*** Block opens ***
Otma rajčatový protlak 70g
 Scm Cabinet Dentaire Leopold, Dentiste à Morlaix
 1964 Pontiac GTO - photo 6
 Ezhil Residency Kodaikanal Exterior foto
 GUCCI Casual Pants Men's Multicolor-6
*** Block closes ***
- THE PROBLEM -
Word for word, print every line above.

- ANSWER SECTION -
Otma rajčatový protlak 70g
 Scm Cabinet Dentaire Leopold, Dentiste à Morlaix
 1964 Pontiac GTO - photo 6
 Ezhil Residency Kodaikanal Exterior foto
 GUCCI Casual Pants Men's Multicolor-6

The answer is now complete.